What happens if my glucose level is too
high or low?

As a diabetic, I was advised by a Chinese Physician
that if my glucose level is not under controlled, after
10 years, I will begin to see a lot of complications.
A Western medical doctor also cautioned me to take
proper care and control my glucose level. A silent killer,
if you are a diabetic, take care too that you do not let
your high glucose level put you down that it is too late
to heal. My sister’s mother-in-law died of gangrene after
amputating her legs. A frightening sight to see her leg
rotting and stinks before amputating.

An article below for your awareness: 

What Can Happen If You Don't Control
Your Blood Glucose Levels

By John Ngijseh

You may have heard or been told that monitoring your blood
glucose (sugar) level is an essential part of managing your
diabetes but why is it so important?

Well, if you blood sugar levels are not controlled and they become
too high, over a long period of time, it could result in a range of
complications from sight loss to kidney problems and even heart
problems. If on the other hand they become too low then this
could result in a loss of consciousness or a seizure.

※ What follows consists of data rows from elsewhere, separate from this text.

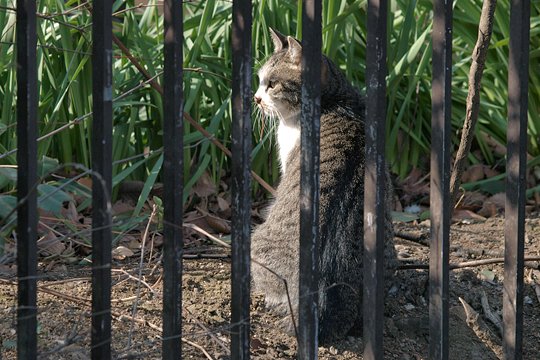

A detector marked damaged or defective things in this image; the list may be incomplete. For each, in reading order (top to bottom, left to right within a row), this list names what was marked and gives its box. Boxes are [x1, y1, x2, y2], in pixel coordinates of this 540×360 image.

rusty fence bar [15, 1, 38, 358]
rusty fence bar [90, 2, 113, 358]
rusty fence bar [161, 0, 185, 358]
rusty fence bar [229, 1, 252, 358]
rusty fence bar [298, 0, 322, 358]
rusty fence bar [362, 0, 388, 358]
rusty fence bar [428, 0, 454, 358]
rusty fence bar [504, 0, 528, 358] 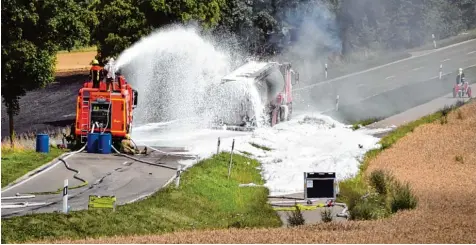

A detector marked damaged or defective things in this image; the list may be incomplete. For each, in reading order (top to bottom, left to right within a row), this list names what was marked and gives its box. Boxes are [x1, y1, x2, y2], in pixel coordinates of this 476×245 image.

burnt tanker truck [210, 59, 300, 130] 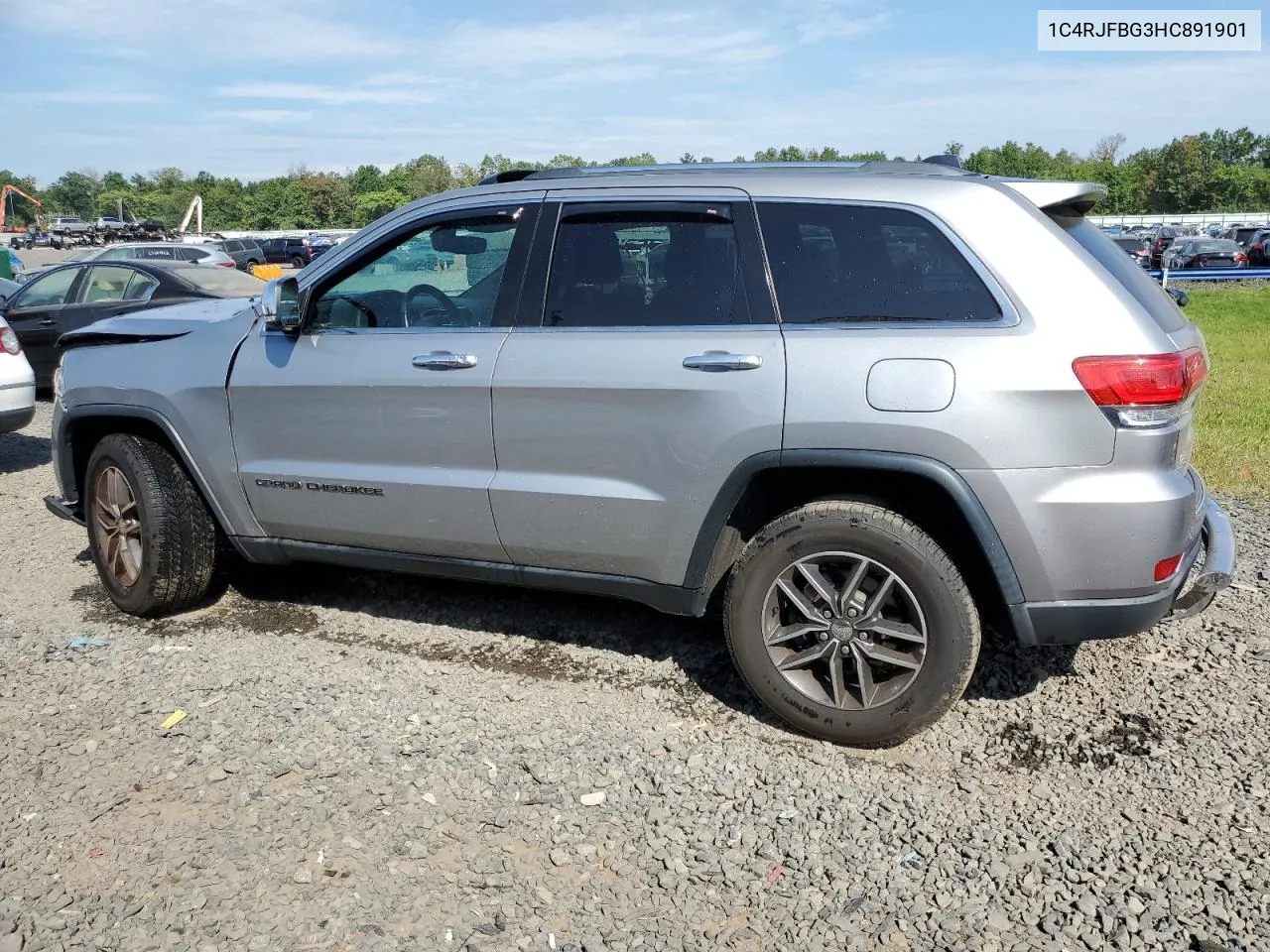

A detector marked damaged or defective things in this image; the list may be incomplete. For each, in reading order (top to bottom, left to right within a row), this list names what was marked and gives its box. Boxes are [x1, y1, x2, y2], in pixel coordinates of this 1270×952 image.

crumpled hood [58, 298, 260, 350] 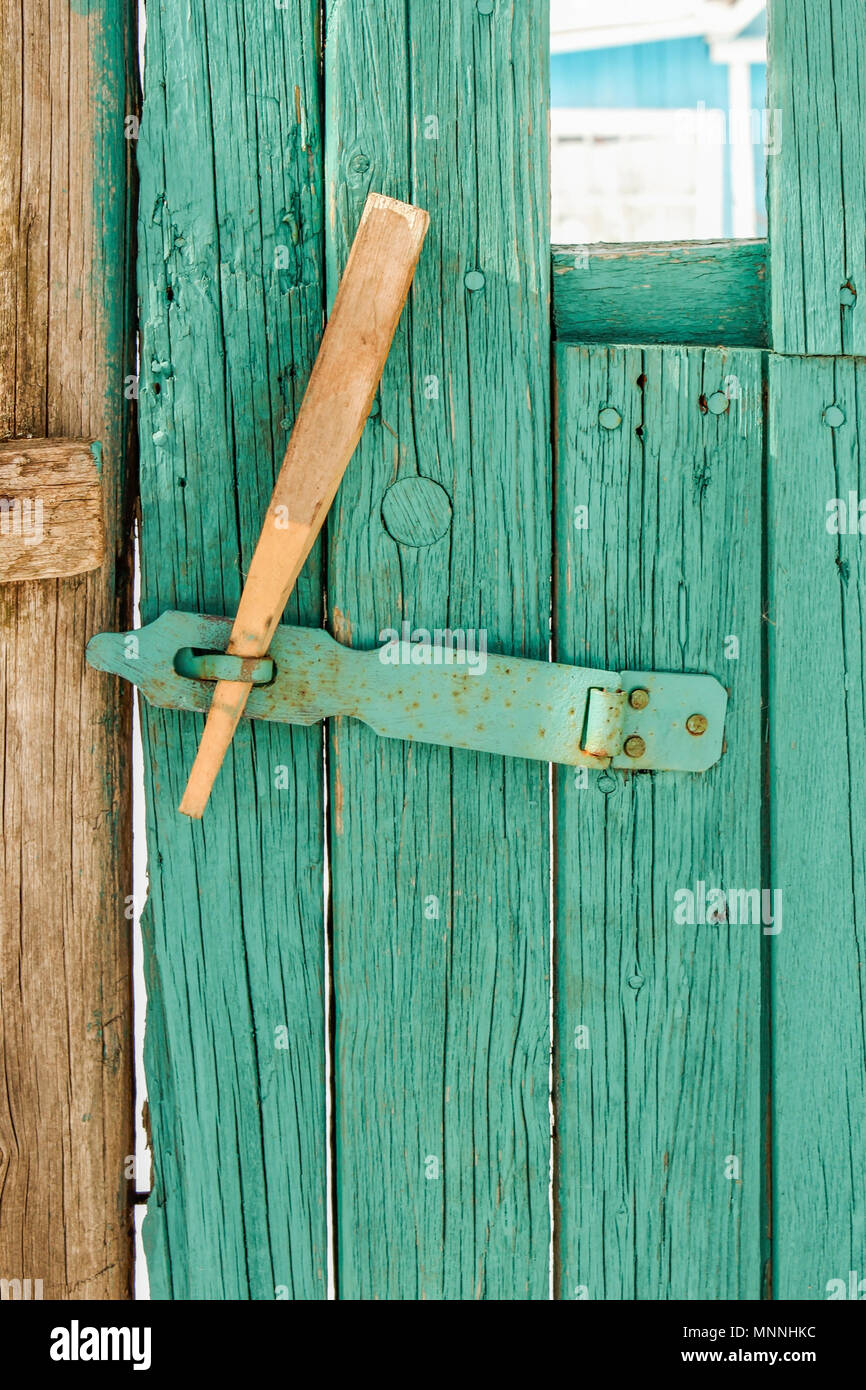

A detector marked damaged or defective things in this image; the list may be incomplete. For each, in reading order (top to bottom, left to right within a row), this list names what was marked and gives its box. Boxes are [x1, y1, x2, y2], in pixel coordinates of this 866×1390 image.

rusty metal latch [86, 616, 724, 776] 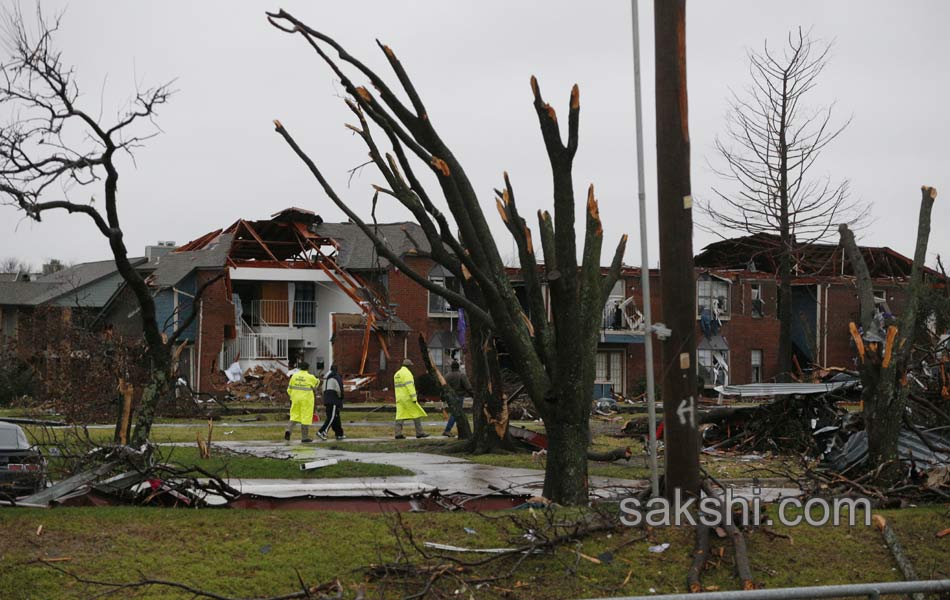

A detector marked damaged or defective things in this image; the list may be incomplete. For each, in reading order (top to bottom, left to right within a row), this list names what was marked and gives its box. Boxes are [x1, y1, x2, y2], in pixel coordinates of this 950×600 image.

broken window [432, 264, 462, 316]
damaged brick apartment building [3, 209, 944, 400]
broken window [696, 276, 732, 318]
broken window [752, 284, 768, 318]
broken window [752, 350, 768, 382]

Good control over your blood sugar levels will help you avoid
these extremes and in the long run reduce the likelihood of
complications developing. Good control can be achieved by
monitoring blood sugar as well understanding the causes and
symptoms of too high blood sugar (hyperglycaemia) and too
low blood sugar (hypoglycaemia).

Too high blood sugar (when greater then 180mg/dl or 10mmol/L)
is called hyperglycaemia. Often this is occurs when food, activity
and medications are not balanced. The common reasons for this
include: too much food, not enough medication, stress and an
increase in weight.

The problem with hyperglycaemia is that in the early stages,
there may not be any symptoms at all and even when symptoms
do arise they may come on so slowly that they are not noticed.
As blood glucose levels rise the following symptoms may occur:
more hunger or thirst then usual, excessive urination, tiredness
and lethargy, frequent infections and blurred vision.

It is important to be aware of these symptoms but most of all to
monitor blood glucose levels so that you know when your glucose
levels are above the targets your physician has set out for you.
Usually this would be a fasting glucose of 6mmol/l or 108 mg/dl.
During times of stress, illness and weight gain it would be a good
idea to monitor blood glucose levels more often.

When blood glucose levels fall too low (less then 70mg/dl) it is
called hypoglycaemia or "hypo" for short. Hypos occur for one
reason only, there is more insulin in the body then it needs at
the time. This is true whether the insulin comes from a syringe
or from the body itself. Often the reason for this imbalance is due
to: more physical activity then usual, too much insulin or diabetic
medication, not eating on time or enough and drinking alcohol.

With hypos it is very important to be able to recognize the symptoms
to allow you to take action quickly as your condition can deteriorate
quickly. The symptoms can vary from person to person and anyone
with diabetes should be familiar with his or her individual symptoms.
The early symptoms might include: sweating, hunger, irritable,
shaking, dry mouth, dizziness, a feeling of weakness, headache
and confusion. If untreated, diabetics could become confused and
disorientated, lose consciousness and could have a seizure.

In such a situation you will need help of others.

To learn more about what to do if you experience hypoglycaemia
visit the link below on “Treating Hypoglycaemia”.

In summary, good control results in a happy diabetic life. The key
to good control is knowing what could cause your blood sugar to
go up or down, recognizing the symptoms of hypers and hypos
and monitoring your blood glucose levels so you know what
YOUR blood glucose levels should be.